Geolodzy skłaniają się ku hipotezie, że to właśnie metody wydobycia gazu z pokładów łupkowych są odpowiedzialne za gwałtowny wzrost aktywności sejsmicznej w Oklahomie. Do 2008 r. w stanie rejestrowano rocznie dwa–trzy wstrząsy powyżej 3 stopni w skali Richtera. W ubiegłym roku było ich ponad 900.

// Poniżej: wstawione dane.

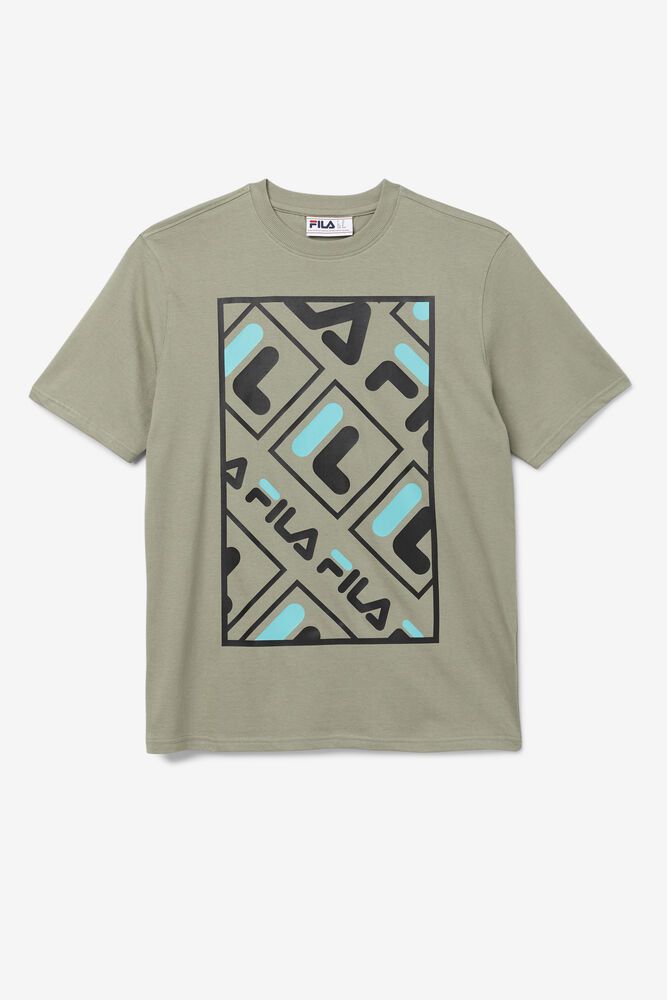 Fila T-Shirt Mens Olive - Jalen - Philippines 9352846-MB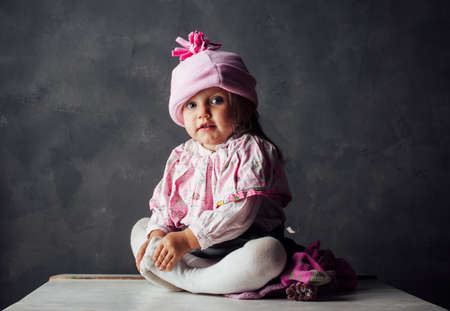 Portrait of emotional little girl の写真素材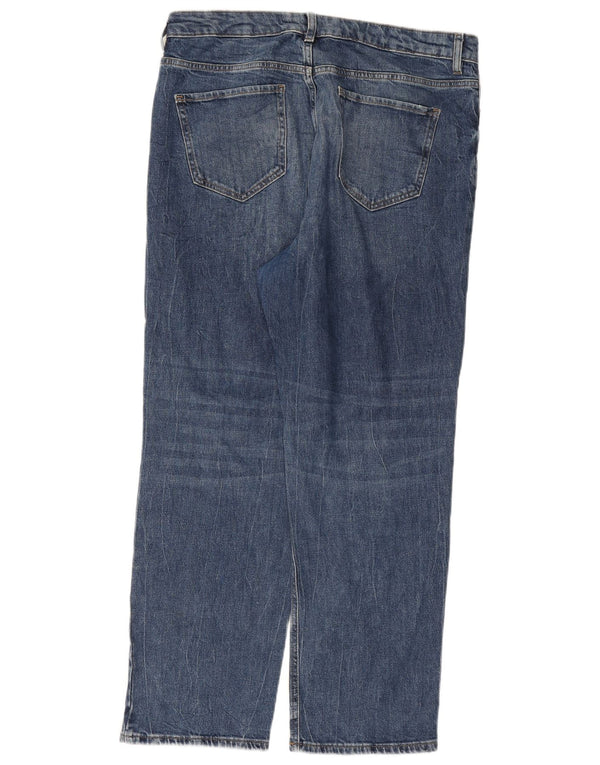 Marks & Spencer Damen Straight Jeans UK 16 Large W36 L29 Blaue Baumwolle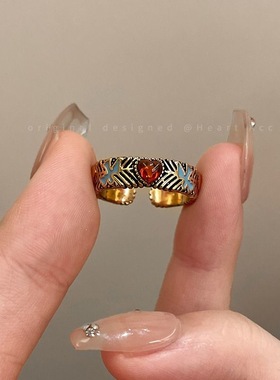 复古戒指做旧拼接宫廷风气质个性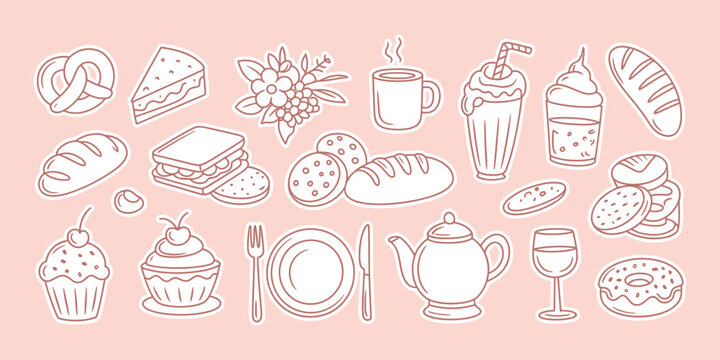 Vector Hand Drawn Graphics Featuring Advertising Branding Posters and Banner Designs with Funny Cartoon Illustrations Prints Stickers and Brunch Cafe Concept Artwork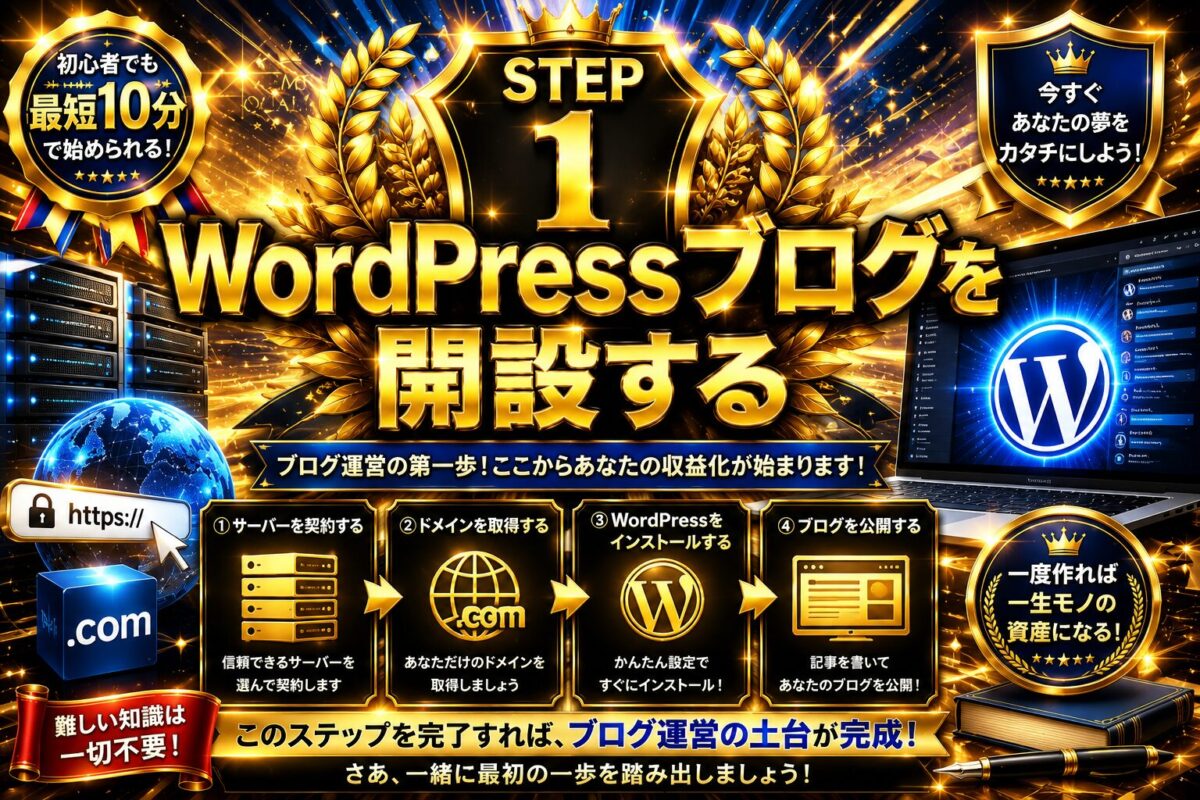 WordPressブログを開設するためにサーバー契約、ドメイン取得、WordPressインストール、ブログ公開までの流れを示した金色のステップ画像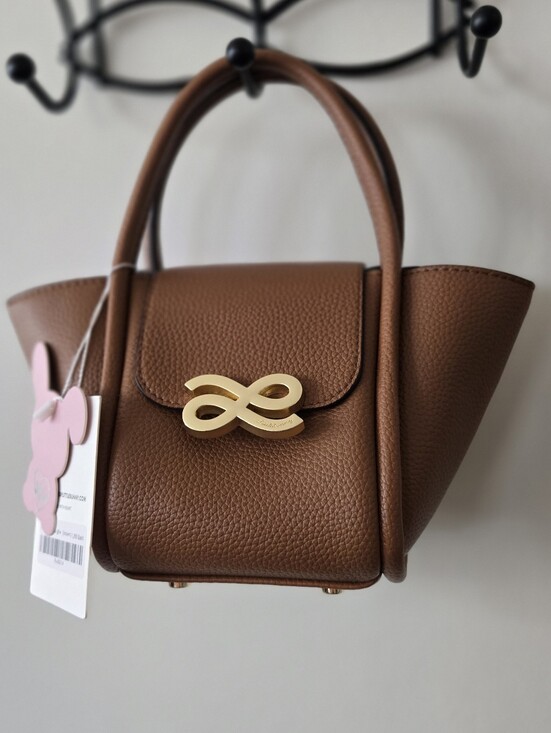 House Of Littlebunny Handbags - House Of LittleBunny Brown Pebbled Leather Mini Top-Handle Bag & Crossbody Strap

Skok ten zbiegł się w czasie z łupkowym boomem. Większość geologów wiąże nowe zjawisko ze szczelinowaniem. Ta metoda wydobywania ropy i gazu z pokładów łupkowych polega na wstrzykiwaniu pod powierzchnię ziemi ogromnych ilości wody pod dużym ciśnieniem. Część z niej nie jest wyprowadzana z powrotem na powierzchnię i wypełnia podziemne pieczary. „To powoduje wstrząsy sejsmiczne spowodowane wprowadzaniem wody” – wyjaśnia Todd Halihan, geolog z Uniwersytetu Stanu Oklahoma. Według oficjalnych szacunków w pokładach łupkowych znajduje się obecnie ponad 1,5 miliarda baryłek (jedna baryłka to ok. 160 litrów) wody wymieszanej z chemikaliami.
Także inni eksperci uważają, że to człowiek mógł przyczynić się od aktywizacji uskoku tektonicznego, który przez 300 milionów lat znajdował się w stanie uśpienia. W związku z tymi ocenami Oklahoma Corporation Commission wezwała operatorów pięciu odwiertów prowadzonych wokół miejscowości Edmond na obrzeżach Oklahoma City do ograniczenia operacji szczelinowania. W ostatnich dniach doszło tam do wielu wstrząsów, z których największy miał siłę 4,2 stopnia. Firmy Pedestal Oil Company i Devon Energy Production Co. zgodziły się na wstrzymanie prac wydobywczych.